One day Pharaoh gave Chef pâtisser a puzzle for making a toast without gluten and milk......
so, maybe the steamed rice could do the glutinous job.
steamed warm rice 112g.
use 2 kinds of rice flour, one is glutinous, the other is normal rice flour.
Google the recipe of rice toast, bread of rice.
But, most of the rice toast will have over 50% wheat flour.
Just couldn't find the recipe of 100% rice toast.
each one rice flour is 180g, just 1st try of the amount.
heating soya into warm condition.
Using the blender for making the warm dough (the glutinous stuff) with warm soya 130cc.
1 egg
soya and the egg stirred, 150cc(have to add more 50cc, rice flour is dryer than wheat flour.)

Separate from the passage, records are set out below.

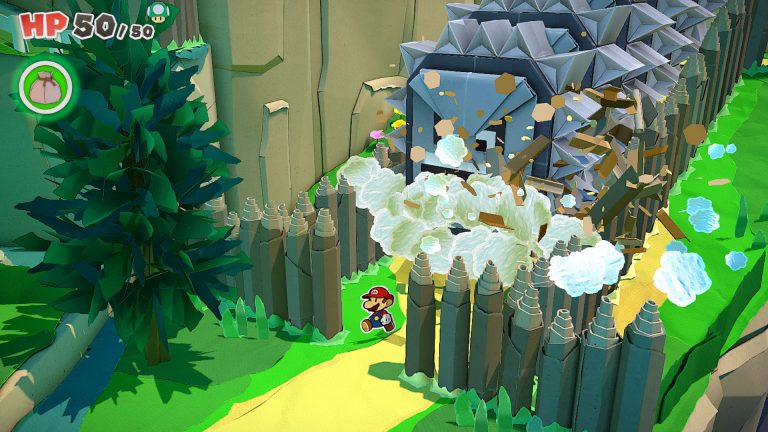 NSwitch_PaperMarioTheOrigamiKing_11
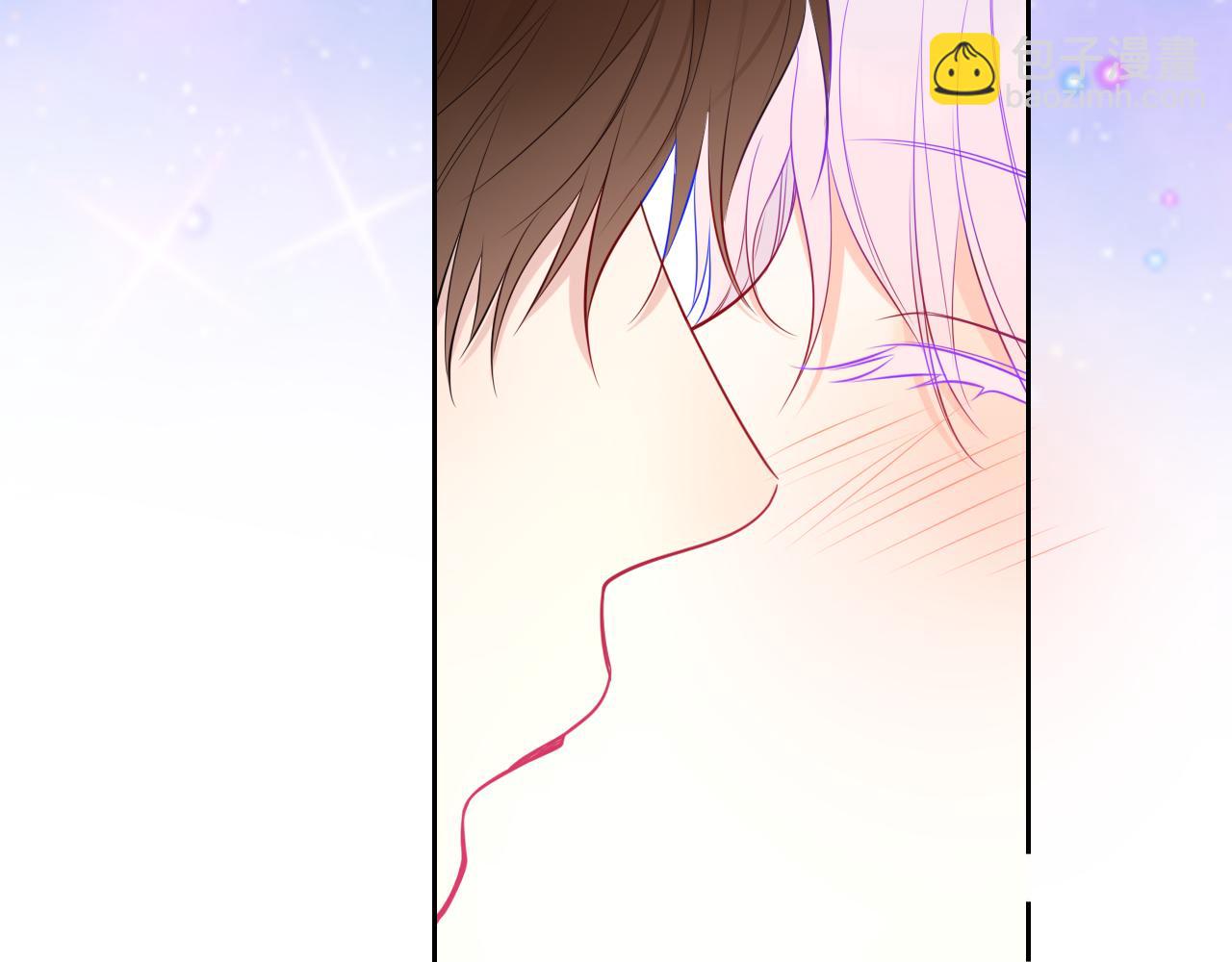 第36话 微醺，面红耳赤60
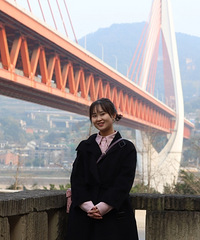 92��170CM˶ʿѧ���ĸ�У��ʦ���飬ϣ���Է�30~35��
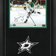 Fanatics Dallas Stars Horizontal Photograph Frame with Team Logo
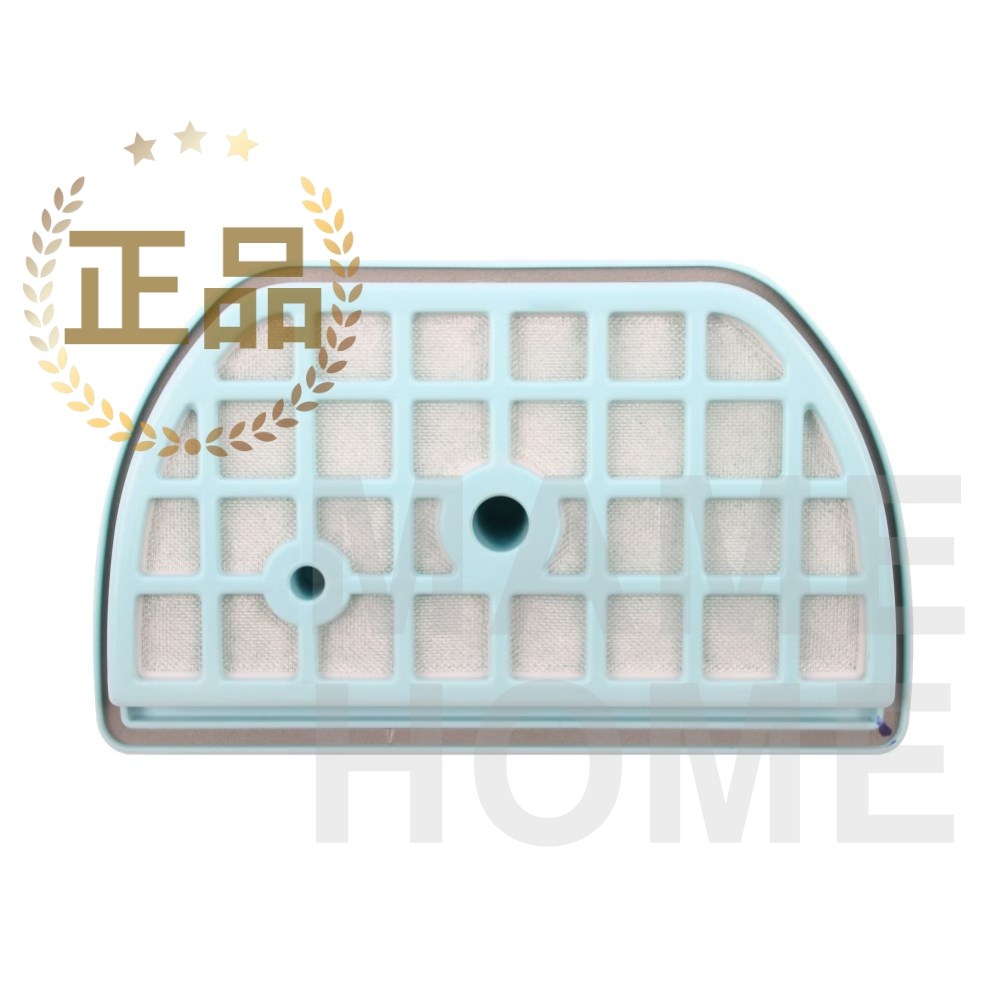 LG 정품 유선청소기 모터 보호필터 세트 ADQ73393603 C23RF C23SF C23YF 30,500원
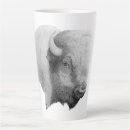 Search for spirit animal mugs Wildlife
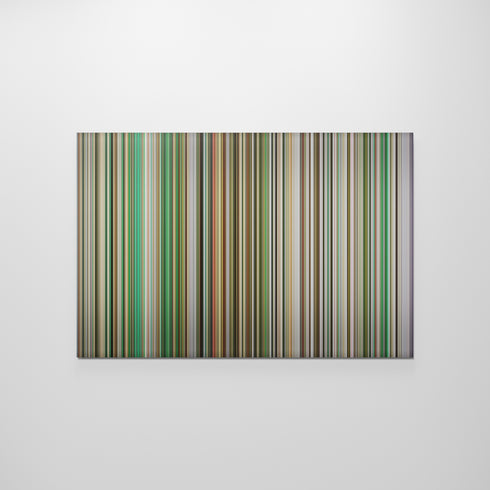 Rae Sremmurd - Black Beatles ft. Gucci Mane Frome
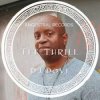 DJ Dove - Freaks on the Floor (Black Legend Extended Remix)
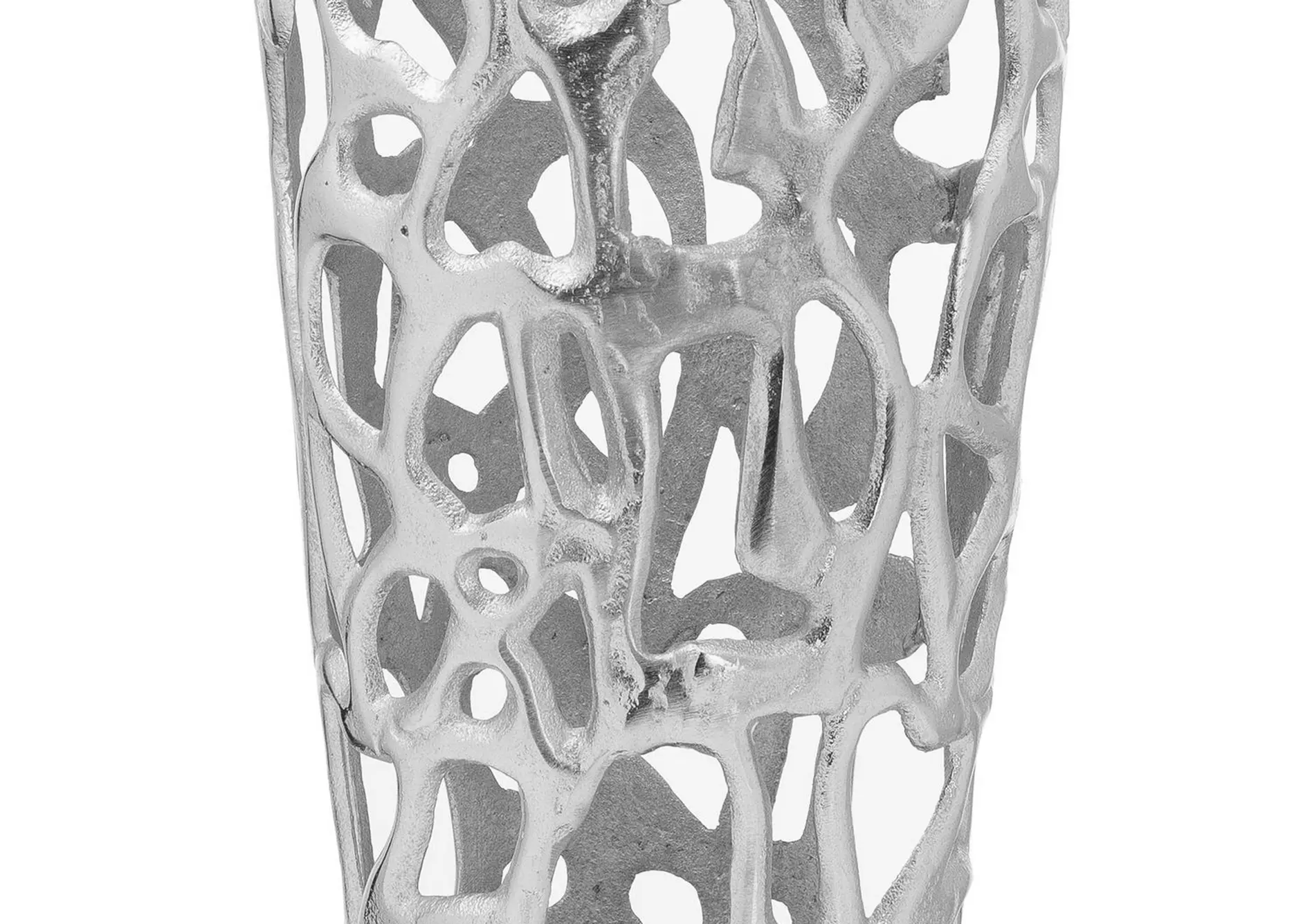 Ohlson Coral Vase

The steamed rice and warm soya mixture.
unsalted butter is 45g
Mix all the ingredients together.
Yeast is 9g
Today we use Kuang chuan soya.
The dough seems too dry.
only add some black sesame this time.
The first ring is not very significant.
After baking, today's rice toast is a failed one....
Have to figure it out and make some amendments of it.
As the rule of Patisser, chef have to eat all the becomings...just for the discipline issue...
And, the Patisser chef use steam to carry out the rest job and make things well done.
Taste better, much more like the "brown cake" and firmer!
Next try will add more liquid and egg, and the yeast... and more research.